--- DATASET EXCERPT Enclosed Below ---
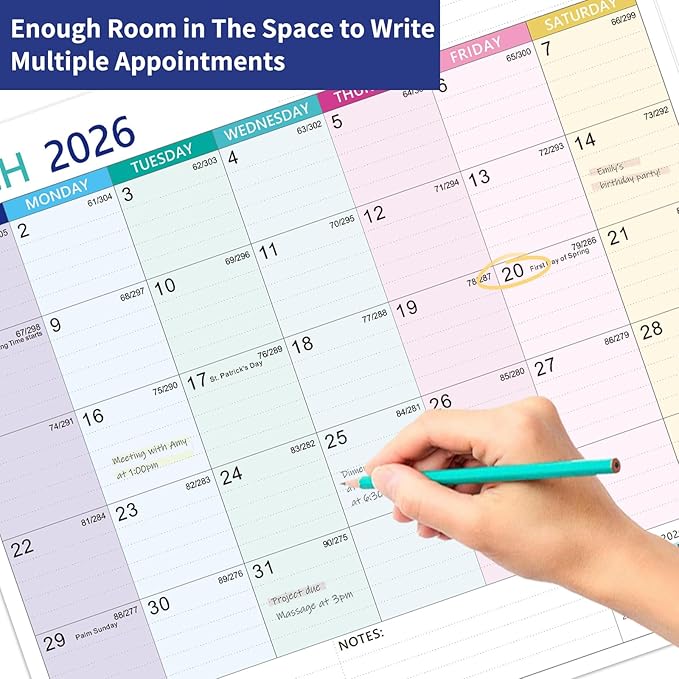 2025-2027 Magnetic Fridge Calendar 21 Monthly Magnetic Calendar for Refrigerator Planner Runs from October 2025 Until June 2027 Easy Organizing Markers Tearable (Multicolor)-CubbioJoy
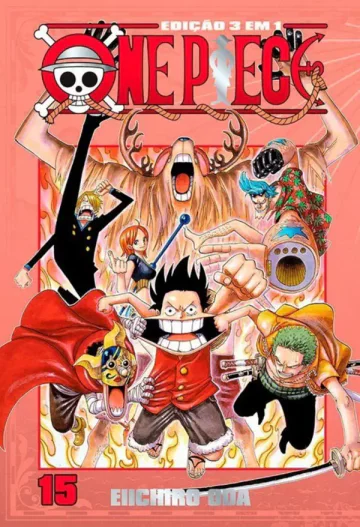 Capa de One Piece 3 Em 1 Vol. 15, Panini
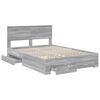 vidaXL Bedframe met hoofdeinde Grijs Sonoma 140 x 190 cm Bewerkt hout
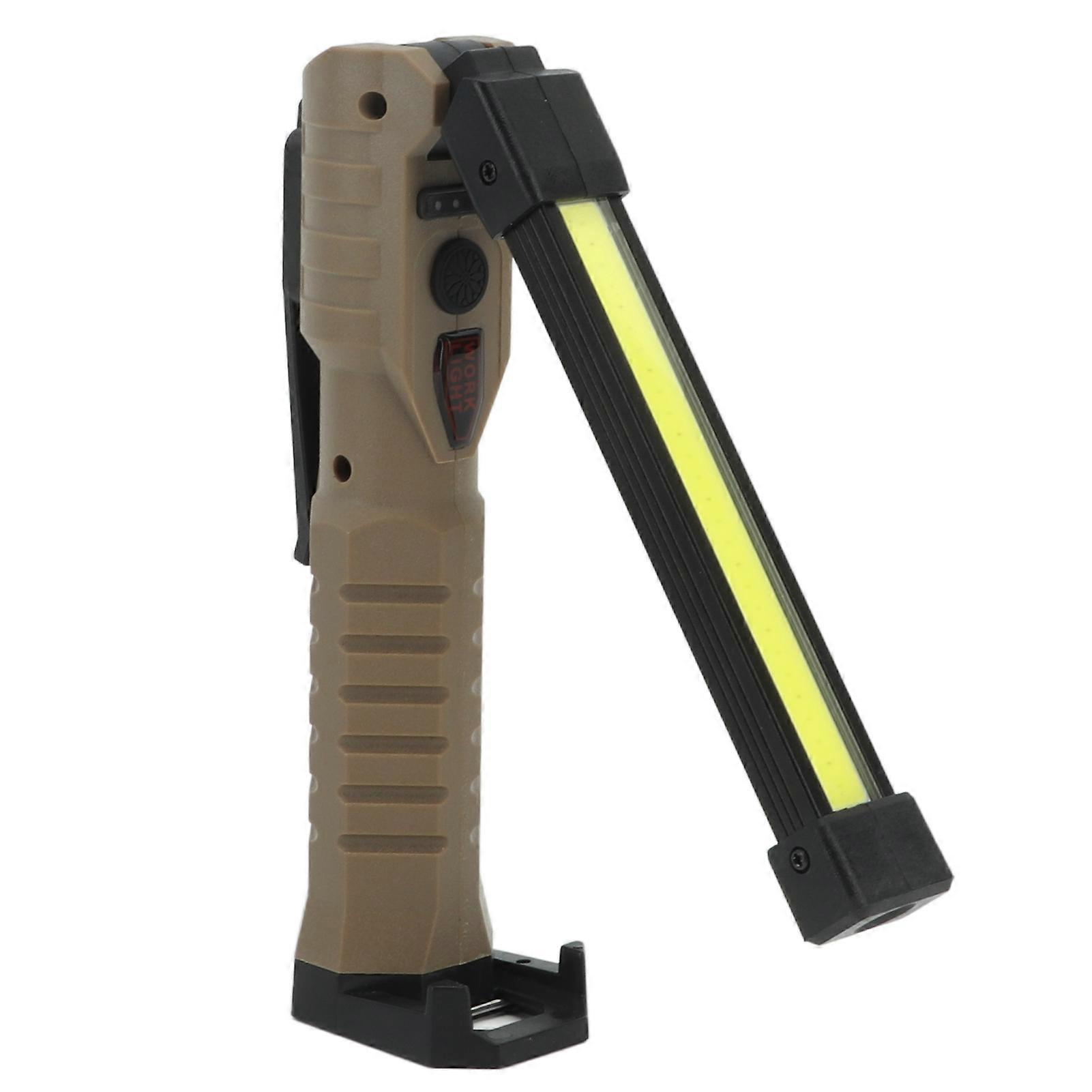 7 Modes Folding LED COB Work Light Type C Foldable Magnetic Emergency Flashlight for Maintenance 1200mAh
--- End of Enclosed DATASET EXCERPT ---
TASK TO COMPLETE
Every line above should be copied exactly; do not carry over the pictures.

EXERCISE SOLUTION
 2025-2027 Magnetic Fridge Calendar 21 Monthly Magnetic Calendar for Refrigerator Planner Runs from October 2025 Until June 2027 Easy Organizing Markers Tearable (Multicolor)-CubbioJoy
 Capa de One Piece 3 Em 1 Vol. 15, Panini
 vidaXL Bedframe met hoofdeinde Grijs Sonoma 140 x 190 cm Bewerkt hout
 7 Modes Folding LED COB Work Light Type C Foldable Magnetic Emergency Flashlight for Maintenance 1200mAh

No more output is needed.